# Supplied material
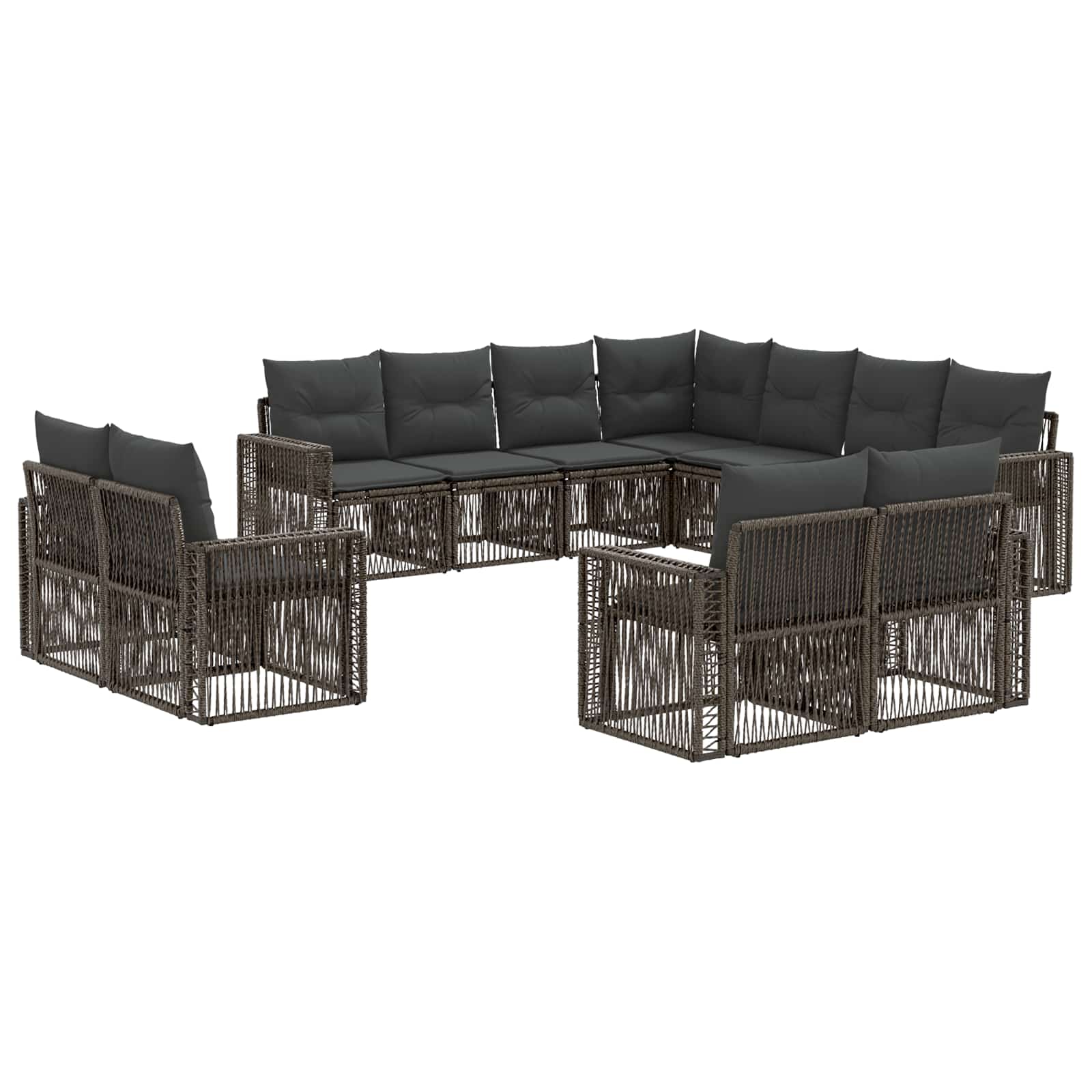 Ensemble de canapé de jardin 11 pcs Gris et Gris foncé - XIOS
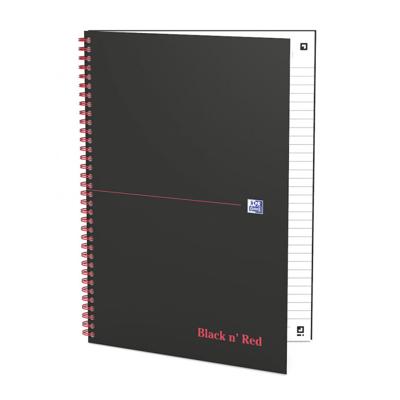 Oxford BLACK N&apos; RED spiraalblok karton, 140 bladzijden ft A4, gelijnd
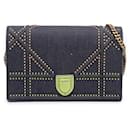Dior Blue Studded Denim Diorama Wallet on Chain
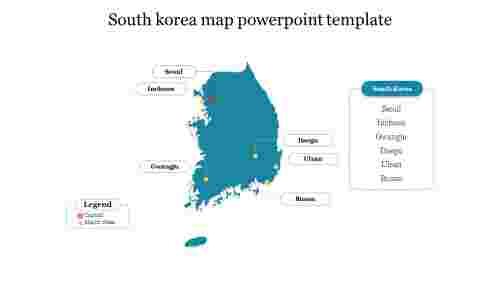South korea map powerpoint template   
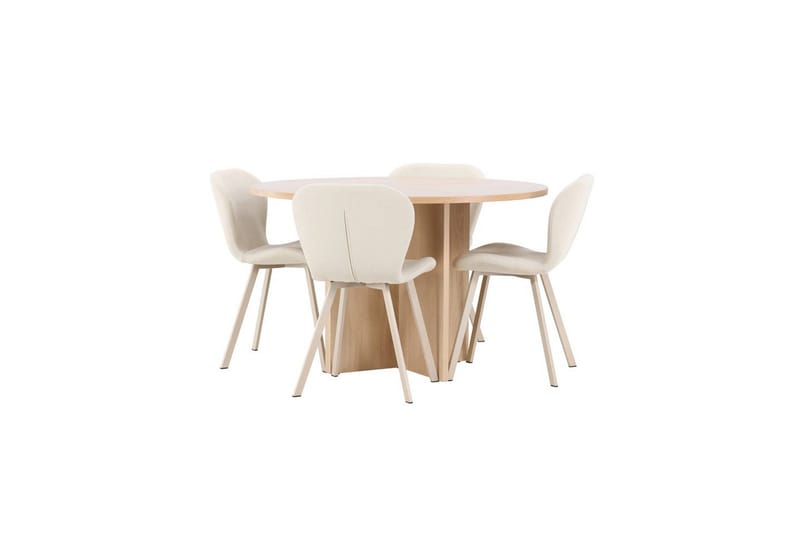 Spisegruppe Strada Rund 120/170 cm Hvit med Lilja Stoler 4 stk - 4 stk - Møbler - Bord - Spisegrupper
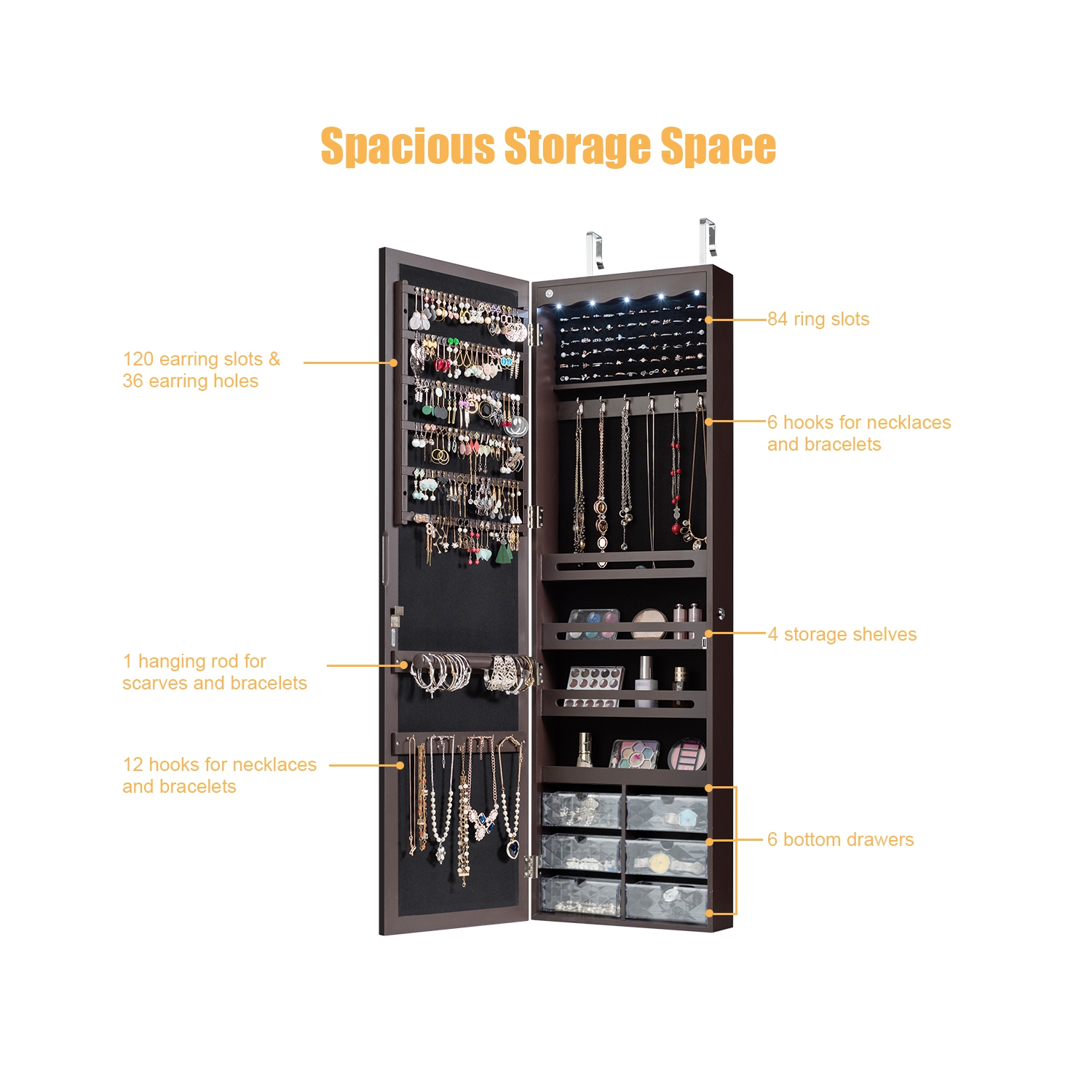 TopBuy – Armoire à bijoux murale verrouillable avec miroir et éclairage à DEL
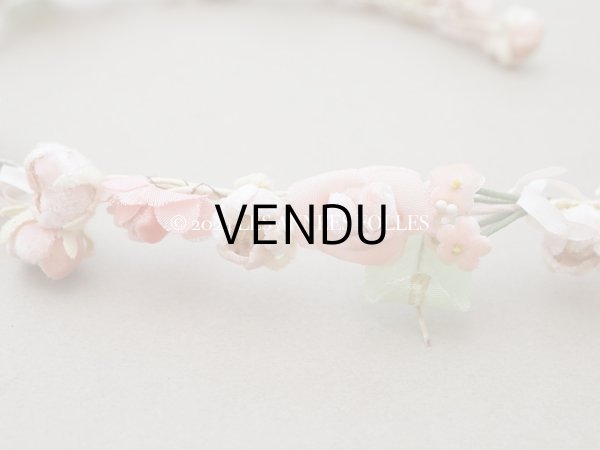 画像5: 【クリスマスセール2024対象外】アンティーク ヴェールガールのティアラ ベルベットの布花 花冠 (5)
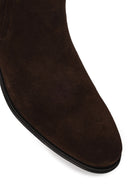Male Brown Suede Classic Chelsea Boots | Derimod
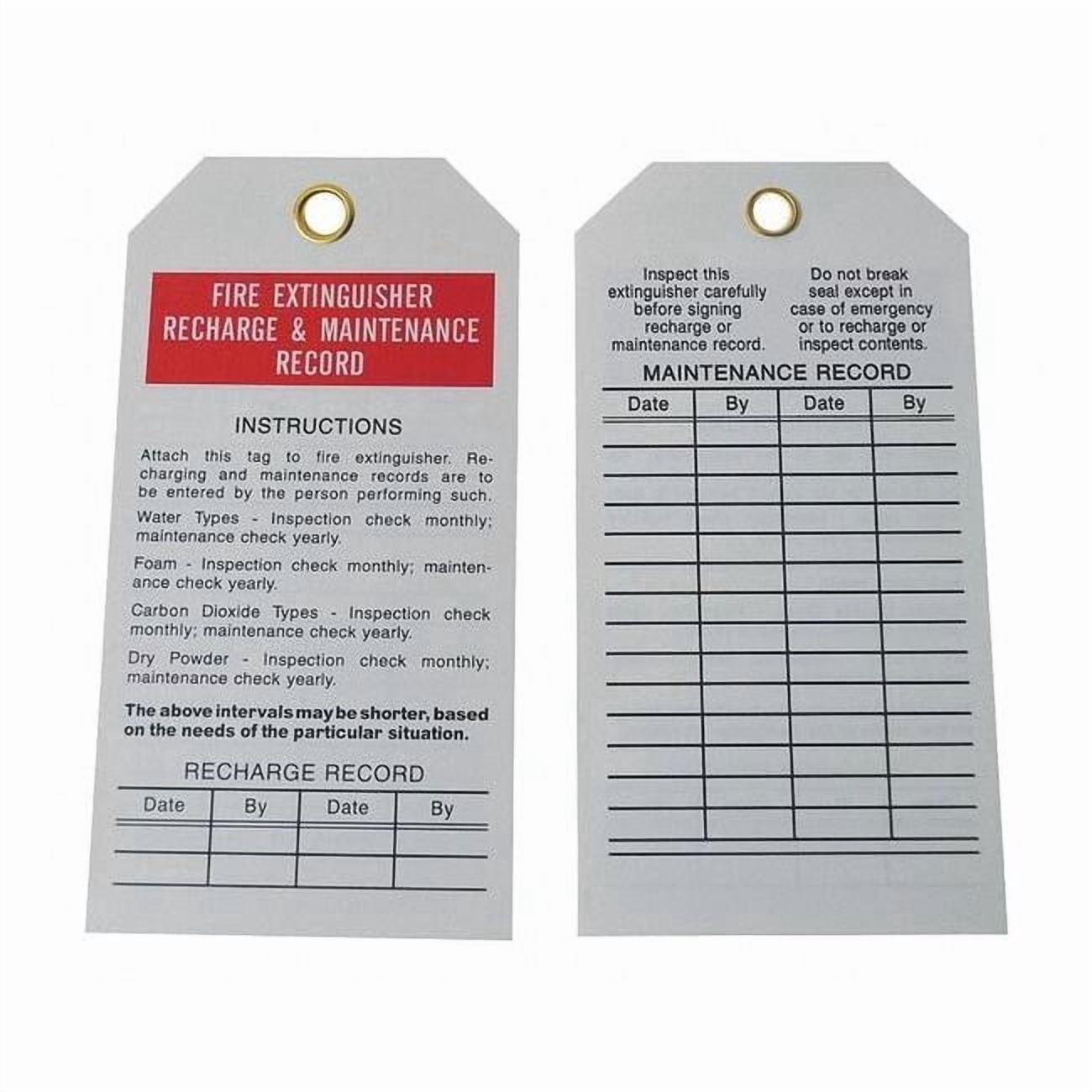 Tag, Fire Extinguisher, PVC, 5 3/4 in H x 2 7/8 in W, White, Rectangle, 25 PK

# Brief
Copy the entries exactly. Leave the pictures out.

# Solution to the problem
 Ensemble de canapé de jardin 11 pcs Gris et Gris foncé - XIOS
 Oxford BLACK N&apos; RED spiraalblok karton, 140 bladzijden ft A4, gelijnd
Dior Blue Studded Denim Diorama Wallet on Chain
South korea map powerpoint template   
 Spisegruppe Strada Rund 120/170 cm Hvit med Lilja Stoler 4 stk - 4 stk - Møbler - Bord - Spisegrupper
 TopBuy – Armoire à bijoux murale verrouillable avec miroir et éclairage à DEL
 画像5: 【クリスマスセール2024対象外】アンティーク ヴェールガールのティアラ ベルベットの布花 花冠 (5)
Male Brown Suede Classic Chelsea Boots | Derimod
 Tag, Fire Extinguisher, PVC, 5 3/4 in H x 2 7/8 in W, White, Rectangle, 25 PK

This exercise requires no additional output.